Dr. Alejandro Aragon, Delft University of Technology
Dr. C. Armando Duarte, University of Illinois at Urbana-Champaign
Dr. Angelo Simone, Delft University of Technology
Enriched Finite Element Methods have received increased attention and undergone substantial development during the last two decades. These methods offer unprecedented flexibility in the construction of shape functions and corresponding approximation spaces. With the proper selection of enrichment functions, Enriched FEMs are able to address many shortcoming and limitations of the classical FEM while retaining its attractive features.

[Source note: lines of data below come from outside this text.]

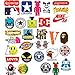 BENYU Street Fashion Sticker Decals(101pcs), Laptop Vinyl Stickers for Waterbottle,Hydro Flask,Snowboard,Luggage,Motorcycle,iPhone,MacBook,Wall,DIY Party Supplie Patches Decal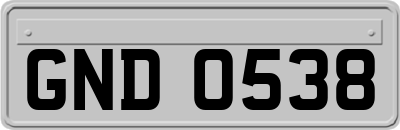 GND0538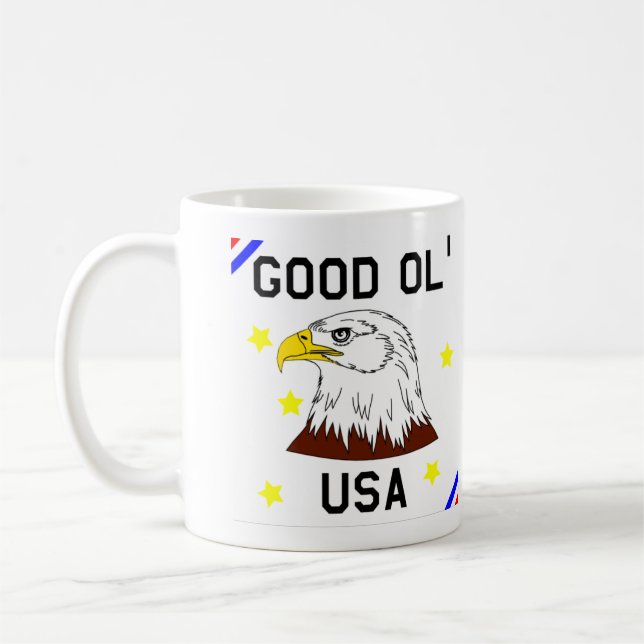 Mug Good Ol'USA Cravate Bar (Gauche)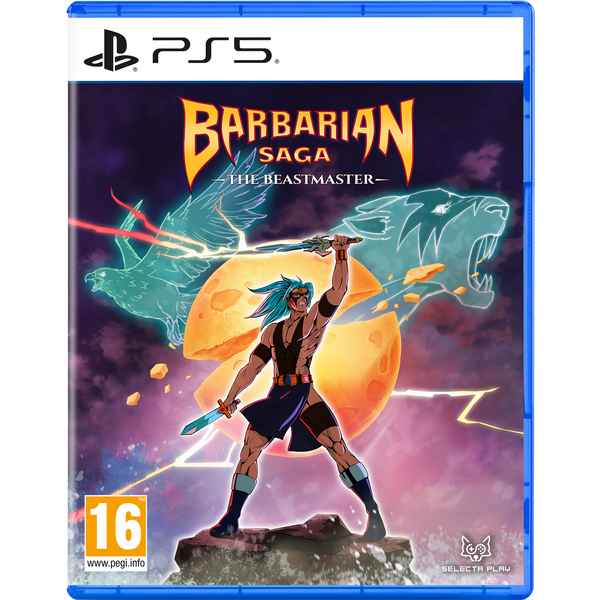 Barbarian Saga The Beastmaster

In this short course, we will delve into enriched finite element formulations, presenting a survey on state-of-the-art methodologies for solving, in an elegant manner, problems that challenge the classical FEM. Participants will be introduced to the approximation theory of these methods and their application to model discontinuities such as material interfaces, cracks, and voids. Although the course is mainly concerned with the Generalized or eXtended Finite Element Method (G/XFEM), more recent methodologies such as the Stable Generalized FEM (SGFEM) and the Discontinuity-Enriched Finite Element Method (DE-FEM) will also be introduced. We discuss implementation details of these methods in existing displacement-based FEM software and we perform 3D simulations of crack propagation in a hands-on session. Detailed lecture notes will be distributed to attendees.
By the end of this course, participants will:
- Understand state-of-the-art enriched FE formulations and identify problems where such formulations could be used;
- Understand the computational challenges associated with the implementation of enriched FEMs in standard displacement-based FE packages.
Who will benefit from this course?
Doctoral and post-doctoral students, researchers from industry and national laboratories.